Multiple Posterior Insula Projections to the Brainstem Descending Pain Modulatory System

Round 1

Reviewer 1 Report

Comments and Suggestions for Authors

The article outlines a small study to determine the presence of axonal projections from the posterior insular cortex to regions to the descending pain modulatory system (DPMS). tradditonal tracing between these regions has been done previously, thus the work is largely confirmatory, the novelty is, perhaps, the use of viral vectors that would offer follow up functional assessment of the pathways.

I have some comments and suggestions that are intended to improve the manuscript.

Introduction – the introduction is lacking in specific information about the insular cortex and its known anatomical connectivity to regions of the DPMS that have been found by previous work. The reader should understand what has been found previously, what the rationale for this current study was and why it will address a knowledge gap and/or build capacity for further work.

There should be some introduction of viral vector tracing, how it compares to traditional methods and why the authors chose this approach. It could be made clearer to the reader that using a CaMKII promotor will selectively transfect glutaminergic projections, why the authors chose this promotor as opposed to a non-selective promotor and how this related to what is known about the neurochemistry of projections from the posterior insular cortex.
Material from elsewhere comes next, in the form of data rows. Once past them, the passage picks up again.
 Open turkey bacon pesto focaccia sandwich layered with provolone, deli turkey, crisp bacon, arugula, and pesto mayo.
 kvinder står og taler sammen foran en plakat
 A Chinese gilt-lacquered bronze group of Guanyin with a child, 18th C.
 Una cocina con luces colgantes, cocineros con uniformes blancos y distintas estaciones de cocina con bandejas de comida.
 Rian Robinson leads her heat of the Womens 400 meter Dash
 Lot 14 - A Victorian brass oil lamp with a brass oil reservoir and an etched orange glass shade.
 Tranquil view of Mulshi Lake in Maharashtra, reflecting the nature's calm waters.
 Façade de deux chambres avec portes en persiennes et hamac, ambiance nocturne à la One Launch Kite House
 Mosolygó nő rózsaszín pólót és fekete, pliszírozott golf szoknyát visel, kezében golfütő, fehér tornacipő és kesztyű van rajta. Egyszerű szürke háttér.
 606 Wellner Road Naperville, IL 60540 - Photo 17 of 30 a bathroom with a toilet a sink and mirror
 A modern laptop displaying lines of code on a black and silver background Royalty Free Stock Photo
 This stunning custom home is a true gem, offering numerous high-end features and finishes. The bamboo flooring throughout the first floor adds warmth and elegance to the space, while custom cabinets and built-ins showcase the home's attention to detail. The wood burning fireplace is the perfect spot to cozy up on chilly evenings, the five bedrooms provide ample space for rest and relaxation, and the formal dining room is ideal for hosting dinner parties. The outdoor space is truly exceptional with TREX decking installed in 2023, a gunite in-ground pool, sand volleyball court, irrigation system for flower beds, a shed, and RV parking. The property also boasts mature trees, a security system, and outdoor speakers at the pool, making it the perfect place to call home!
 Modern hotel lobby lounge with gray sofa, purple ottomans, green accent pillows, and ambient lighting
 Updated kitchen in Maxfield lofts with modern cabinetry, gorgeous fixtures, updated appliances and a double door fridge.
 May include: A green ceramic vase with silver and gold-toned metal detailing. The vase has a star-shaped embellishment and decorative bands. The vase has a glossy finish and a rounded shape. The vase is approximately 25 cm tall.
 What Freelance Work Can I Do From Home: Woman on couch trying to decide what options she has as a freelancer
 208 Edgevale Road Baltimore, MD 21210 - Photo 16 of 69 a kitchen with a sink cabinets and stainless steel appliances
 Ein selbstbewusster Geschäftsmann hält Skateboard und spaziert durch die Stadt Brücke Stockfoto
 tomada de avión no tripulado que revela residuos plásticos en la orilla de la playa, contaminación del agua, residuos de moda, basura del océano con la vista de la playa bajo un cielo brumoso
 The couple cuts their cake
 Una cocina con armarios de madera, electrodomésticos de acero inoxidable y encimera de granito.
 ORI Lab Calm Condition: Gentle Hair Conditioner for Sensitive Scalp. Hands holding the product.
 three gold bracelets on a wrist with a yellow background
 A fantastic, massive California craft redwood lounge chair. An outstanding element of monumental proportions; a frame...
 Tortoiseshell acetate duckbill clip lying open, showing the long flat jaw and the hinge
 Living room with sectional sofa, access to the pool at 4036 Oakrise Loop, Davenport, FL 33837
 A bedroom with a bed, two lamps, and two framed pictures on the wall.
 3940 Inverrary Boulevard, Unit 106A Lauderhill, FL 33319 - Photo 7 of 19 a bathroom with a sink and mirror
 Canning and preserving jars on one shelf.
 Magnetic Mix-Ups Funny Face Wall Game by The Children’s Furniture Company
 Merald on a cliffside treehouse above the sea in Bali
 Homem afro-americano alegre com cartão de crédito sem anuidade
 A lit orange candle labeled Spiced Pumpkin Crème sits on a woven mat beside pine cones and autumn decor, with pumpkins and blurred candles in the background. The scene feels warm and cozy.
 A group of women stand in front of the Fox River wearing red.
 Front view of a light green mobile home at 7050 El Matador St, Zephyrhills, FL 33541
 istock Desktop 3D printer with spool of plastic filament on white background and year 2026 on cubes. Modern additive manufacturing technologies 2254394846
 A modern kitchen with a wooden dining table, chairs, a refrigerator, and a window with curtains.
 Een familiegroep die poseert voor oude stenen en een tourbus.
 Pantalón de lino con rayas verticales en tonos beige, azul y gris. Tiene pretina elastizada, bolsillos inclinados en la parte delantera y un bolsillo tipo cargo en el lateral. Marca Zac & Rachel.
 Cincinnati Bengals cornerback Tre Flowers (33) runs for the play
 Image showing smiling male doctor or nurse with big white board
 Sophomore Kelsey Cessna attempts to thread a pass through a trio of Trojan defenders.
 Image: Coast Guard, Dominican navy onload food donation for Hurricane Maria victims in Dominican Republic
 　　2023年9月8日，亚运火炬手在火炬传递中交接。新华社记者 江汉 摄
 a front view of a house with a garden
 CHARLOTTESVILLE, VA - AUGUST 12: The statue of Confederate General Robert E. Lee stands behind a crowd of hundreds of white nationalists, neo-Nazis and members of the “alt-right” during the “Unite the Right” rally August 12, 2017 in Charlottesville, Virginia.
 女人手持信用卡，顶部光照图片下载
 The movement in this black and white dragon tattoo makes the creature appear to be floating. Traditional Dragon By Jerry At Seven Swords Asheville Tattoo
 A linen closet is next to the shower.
To many words are given to explain the functional roles of regions of the DPMS that are not directly relevant to research carried out in the manuscript. This information would be better presented in the discussion to provide a broader context to interpret the findings.

 

Methods –  

Viral vector –  AAV8 vectors can travel both anterograde and retrograde (https://www.ncbi.nlm.nih.gov/pmc/articles/PMC9642939/), albeit not in equal proportion. There is a fair chance that you will find neuronal cell bodies in the regions you are tracing too. If so, this would confound interpretation of the source of these processes. You should make clear the presence or not of neuronal cell bodies in downstream regions of the DPMS. The implications of using AAV8 should be outlined in the discussion.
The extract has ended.